Guest Editor: Francis O. Adeola, Ph.D.

Social Sciences is an international, open access journal with rapid peer-review, publishing scholarly articles from a wide range of disciplines, including anthropology, criminology, economics, education, geography, history, law, linguistics, political science, psychology, social policy, social work, sociology and so on. Social Sciences is published monthly online by MDPI. See https://www.mdpi.com/journal/socsci

Disasters and catastrophes are not new to societies. They have occurred in societies since ancient times with historic tales of their tolls on human life and the economy. However, in the first two decades of the 21st century, mega disasters and catastrophes triggered by natural hazards, technological accidents, socio-political hazards, other human activities, biological hazards, and a blend of these hazards, have increased in higher frequency and magnitude causing unprecedent number of casualties in terms of deaths, injuries, and economic losses across the globe. In the latest Global Assessment Report on Disaster Risk Reduction, the United Nations emphasized that at no point in human history have we been confronted with such an array of both known and unknown risks, often interacting in a hyperconnected, rapidly changing globalized world. We are faced with new risks with intricate linkages such as the pandemic COVID-19. Prior projections or predictions about climate change have come to pass even much sooner than anticipated. Among the major disaster events of the 21st century are high intensity hurricanes/tropical cyclones, massive flooding, tornadoes, earthquakes, tsunamis, droughts, fires, dam failures, industrial technological disasters, aviation disasters, and terrorism. 

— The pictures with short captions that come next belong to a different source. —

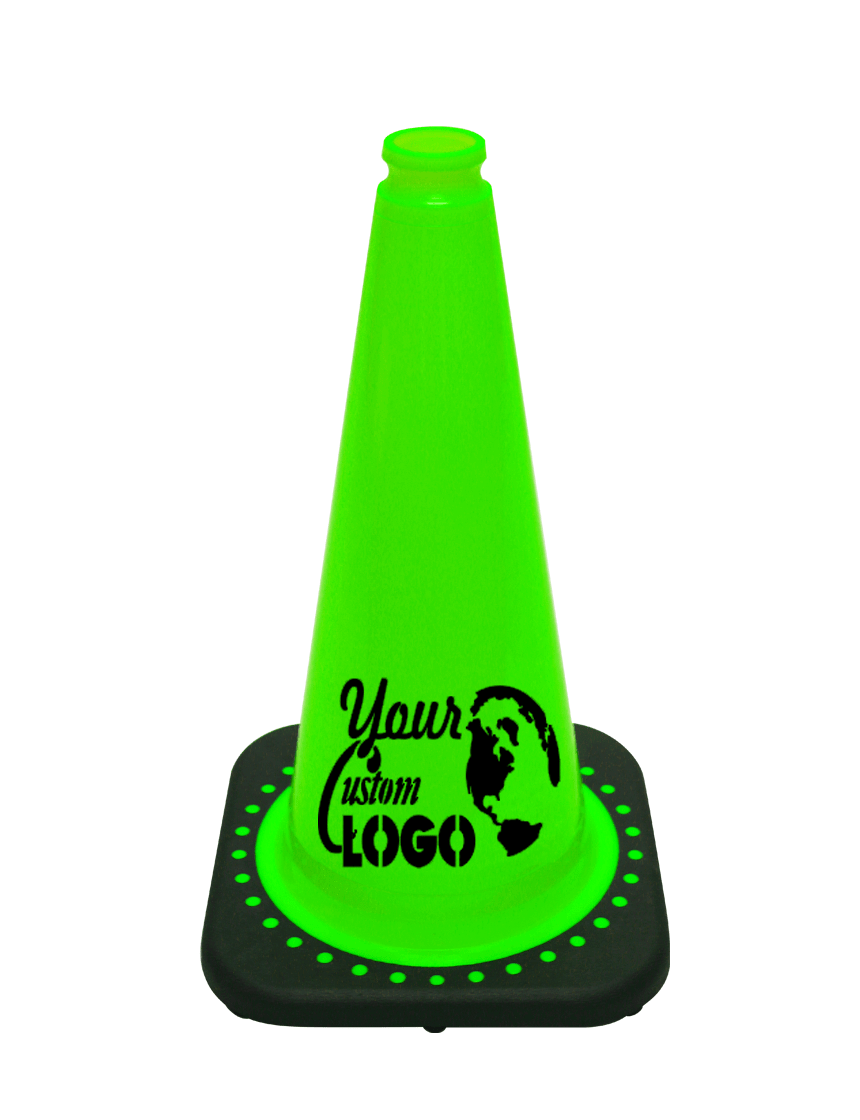 Lime 18 inch JBC Black Base Traffic Cone with Full Color Graphic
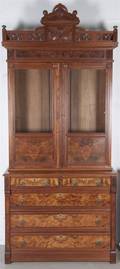 A Victorian Burl Walnut Bookcase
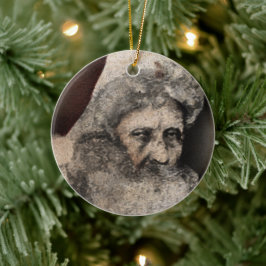Creepy Santa Ceramic jul Ornament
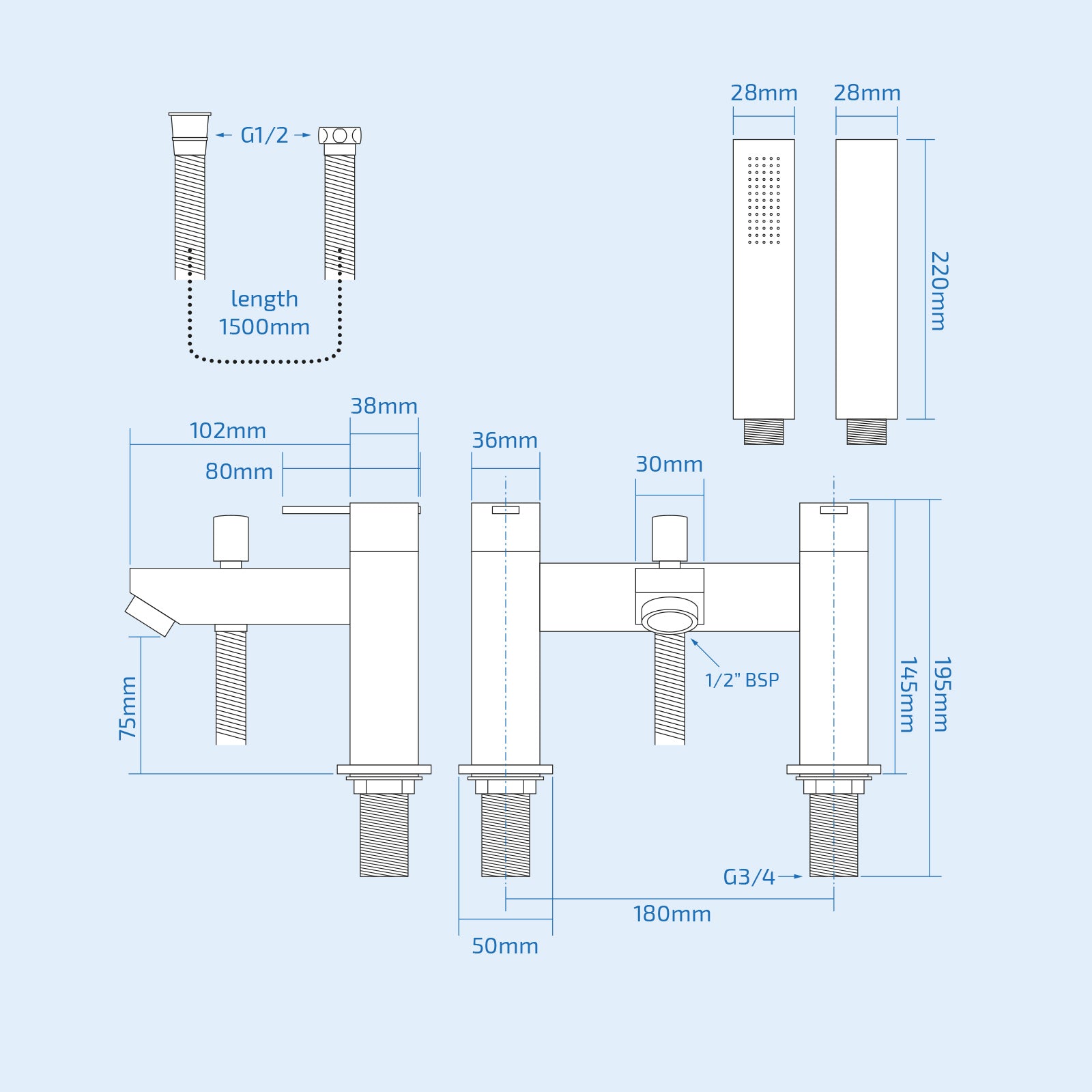 Austin Design Deck Mounted Bath Shower Mixer Tap With Handset Kit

They are calling for papers whose theoretical, methodological, and substantive approaches address specific aspects of catastrophe or disaster of the 21st century within a country or in comparative cross-country setting. Potential contributions to this special issue might include, but not limited to: 

Recommended/Suggested Topics 

  • Trends in the frequency, magnitude, scale, geographical spread of weather-related disaster events in the 21st century; 
  • Trends in the social and geophysical vulnerability to natural and anthropogenic disasters in the past two decades; 
  • The impacts of Natural-Technological (NATECH) or Hybrid disasters in the 21st century; 
  • Climate change-induced disasters and their effects in terms of casualties, deaths, economic and other related impacts over the past two decades; 
  • The role of social capital in disaster mitigation, coping, adaptation and recovery; 
  • The cultural, economic, social, and psychological effects of a disaster; 
  • Disaster risk communication and community’s inclination to mitigation and evacuation; 
  • Novel theories of disaster behavior including coping, adaptation, and resiliency for different types of disasters.  
  • Race, class, and gender differences in disaster encounter, losses, coping and recovery in the 21st century; 
  • Environmental injustice and social injustice as incubators of natural and unnatural disasters.  
  • The public health effects of disasters; or disaster epidemiology; 
  • Assessing the cultural, economic, demographic, and socio-psychological effects of COVID-19 pandemic; 
  • Disaster management in the 21st century.